At this juncture an anecdote comes to my mind. In the 1950s, All India Radio was airing its evening news bulletin in “Sanskritised Shudha Hindi Language” keeping to the government policy. It so happened that India’s first Prime Minister Jawaharlal Nehru was listening to this programme. To his dismay he could not understand it. The next day he called his information Minister, Keskar, a hardcore nationalist, and inquired as to what was going on the air at that time. Mr. Keskar proudly answered “sir, it was the evening news”. An angry Nehru retorted: “Keskar! I myself could not understand even a single word and you expect the ordinary man to understand it. Please go instruct all the broadcasting stations to use the day-to-day language that is mixed with URDU words, so that man on the street may understand.”

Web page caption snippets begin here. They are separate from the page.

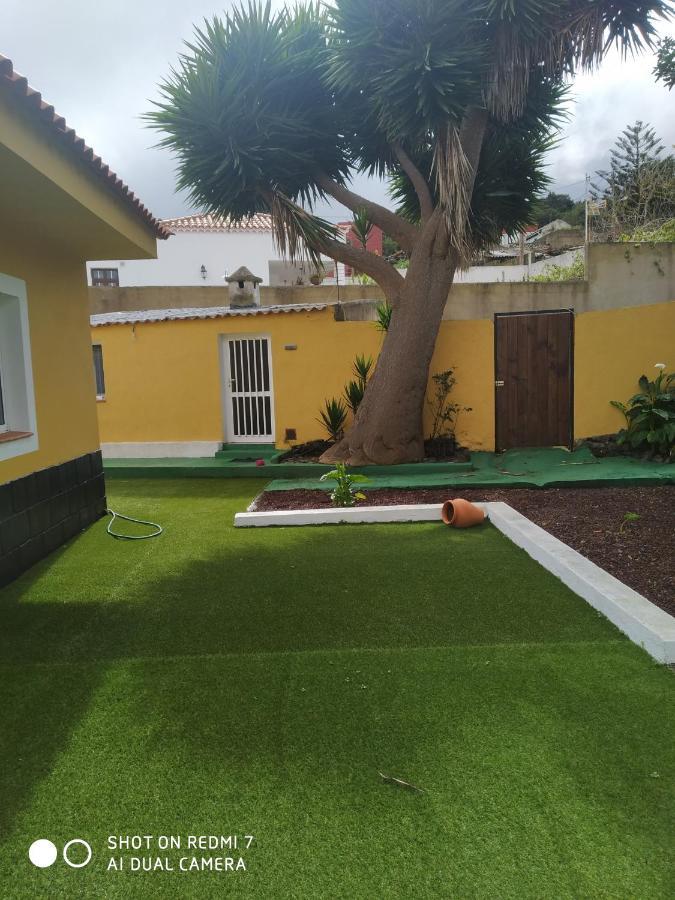 La Rosa Vieja Hébergement de vacances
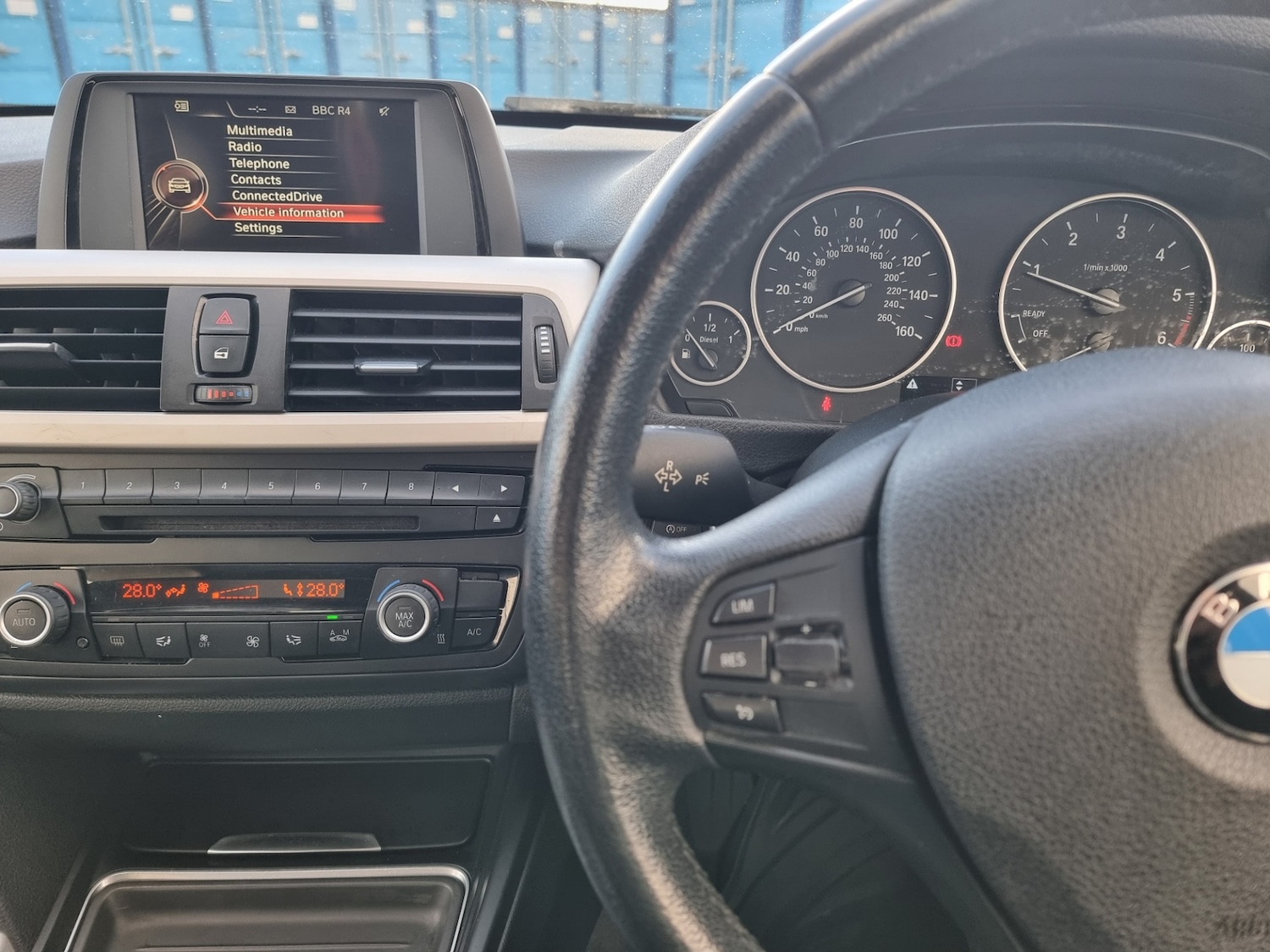 Used BMW 3 Series 2014 for sale - 78061550: Photo 11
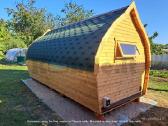 Lapelio formos Pirtis/sauna - nuotraukos Nr. 2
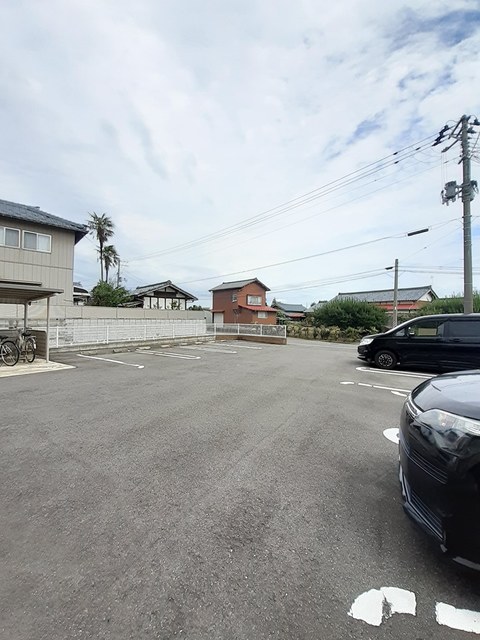 ムーランゼⅡ その他7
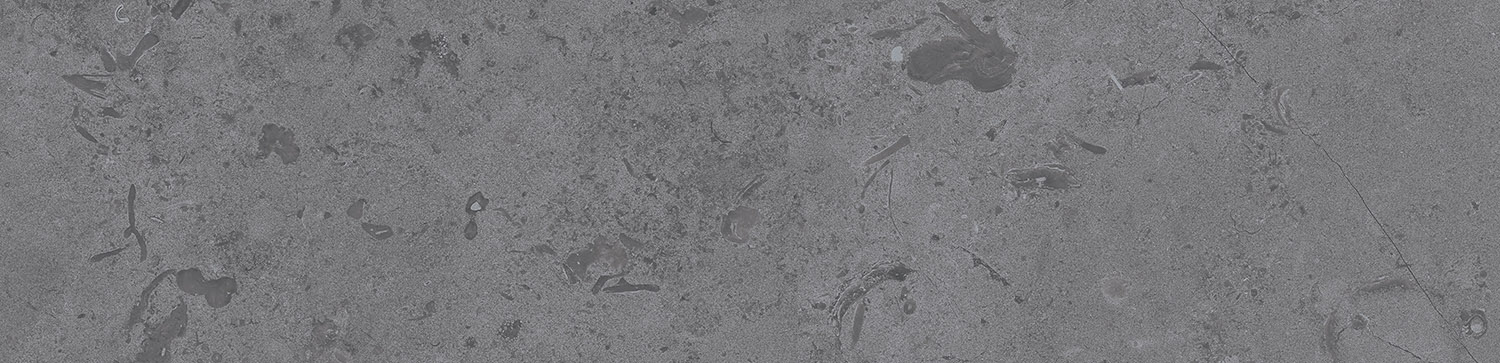 Керамический подступенок Kerama Marazzi Про Лаймстоун DD205120R\2 серый темный натуральный обрезной 60x14,5 в Уфе — купить с доставкой | Nova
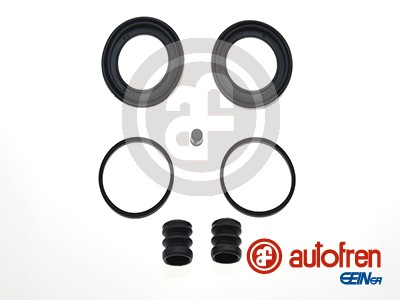 Ремкомплект, тормозной суппорт - D4031 AUTOFREN SEINSA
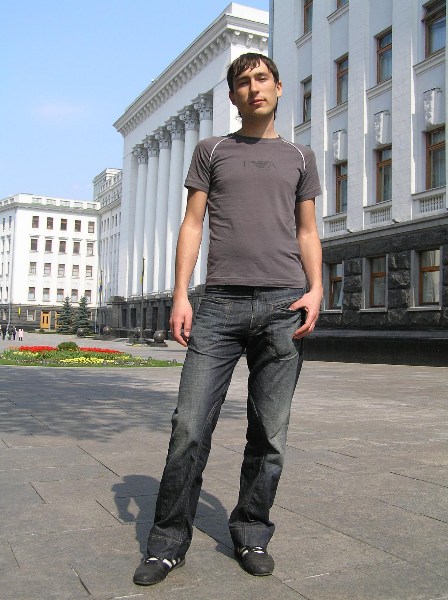    - 2006.05.01 Kiev    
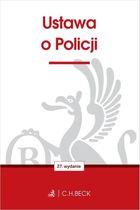 Ustawa o Policji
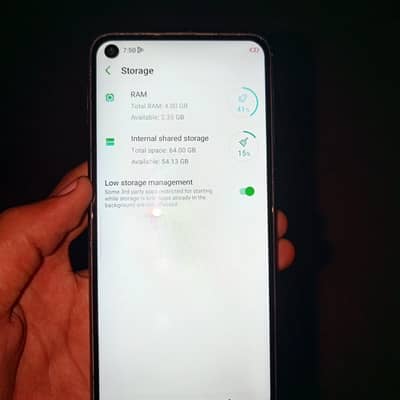 Infinix Other Model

In September 2014, Indian Prime Minister Narendra Modi addressed the United Nations in Sankscritised Shudh Hindi. Neither the Indian delegation in the UN nor the public in India could understand what their Prime Minister was telling the UN. There was a big hue and cry in India that Indians could not understand what their Prime Minister was telling the UN. “This is Hindi”.
It is said the Indian Sangh Parivar is going to resurrect Sanskrit. The Sanskrit left behind in Vedas, Puranas, and epics of Maha Bharat and Ramayan was of a classical category, which like Latin has only bones.

There is a clan of people called Brahmin priests, who at one time had the sole authority to the access to these religious works.
Non Brahmins, Chatriyas and Sudras were punished severely if they ever attempt to even hear the chanting of these verses. This clan of people lives in the district of “Mathura” near Varanasi and Allahabad. A few speak a distorted form of Sanskrit. The grammatical formation is confusing and complex. Hence it lost its place among the ordinary people as a spoken language. I visited them during my college days in Lucknow with my little Sanskrit according to the curriculum which I learnt in the university as a student of linguistics, detected many grammatical mistakes in their dialect. It remains as a dialect rather than a full fleshed language. I wish the Indians all the luck in reviving this dead and buried language.

Urdu and Hindi are now two different languages, but having a common grammar, and also being influenced by Persian/Arabic and Sanskrit respectively. They are great languages to reckon with distinctively differentiated by their own scripts viz. Persianised Arabic Sanskritised Devangjri.

(The writer, a veteran broadcaster, served the Sri Lanka Broadcasting Corporation. He holds a special degree from University of Lucknow; and a Diploma in Linguistics)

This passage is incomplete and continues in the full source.